### [EXTRACTED INFORMATION]
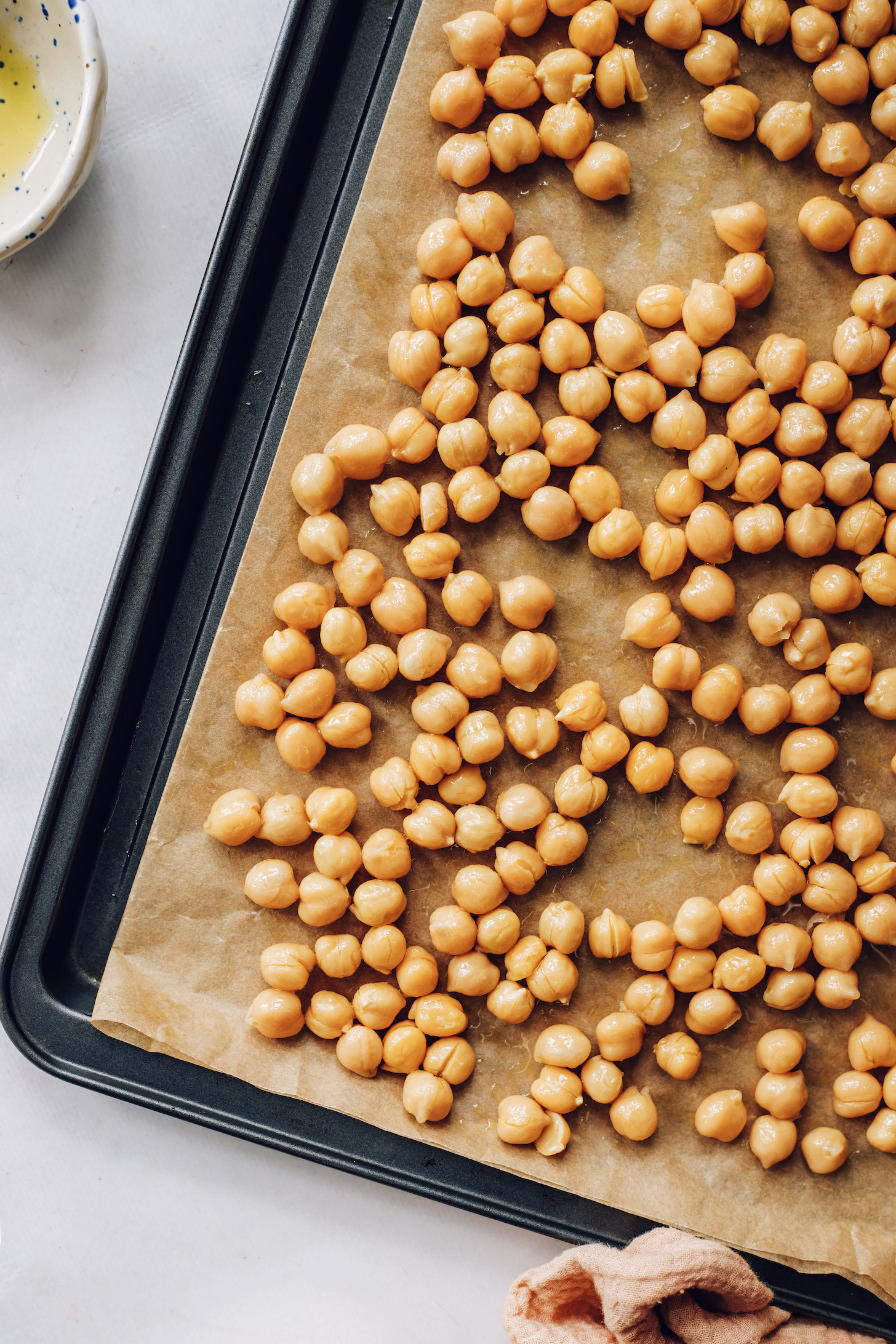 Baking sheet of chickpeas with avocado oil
==
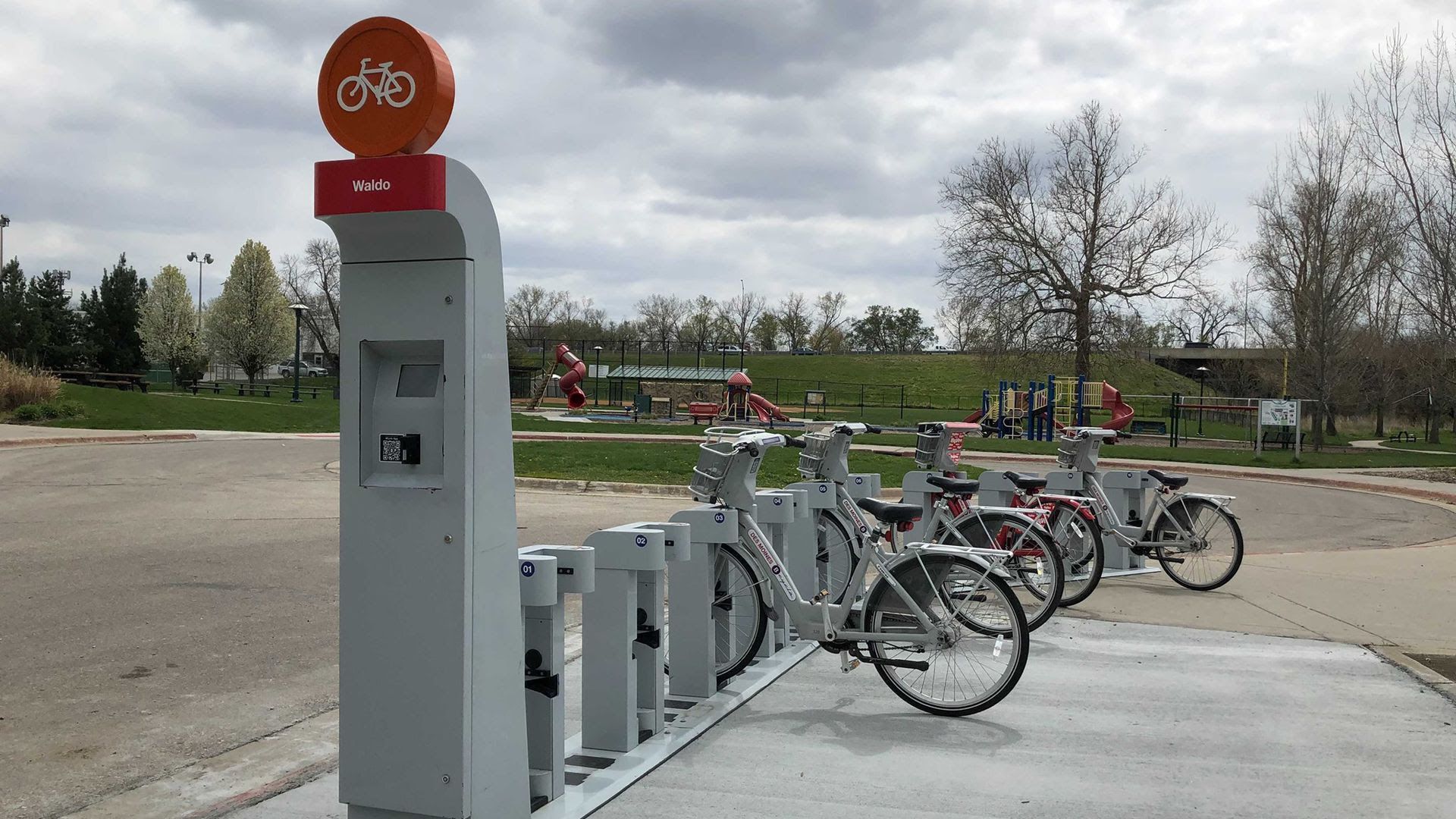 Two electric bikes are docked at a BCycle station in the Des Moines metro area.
--
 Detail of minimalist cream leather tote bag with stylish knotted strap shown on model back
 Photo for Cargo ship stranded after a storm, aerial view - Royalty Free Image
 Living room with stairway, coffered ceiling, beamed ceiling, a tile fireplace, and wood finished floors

### [WORK TO COMPLETE]
Reproduce exactly, and with no other material, the lines between those holding "Photo for Cargo" and "Living room with", inclusive.

### [EXERCISE RESULT]
 Photo for Cargo ship stranded after a storm, aerial view - Royalty Free Image
 Living room with stairway, coffered ceiling, beamed ceiling, a tile fireplace, and wood finished floors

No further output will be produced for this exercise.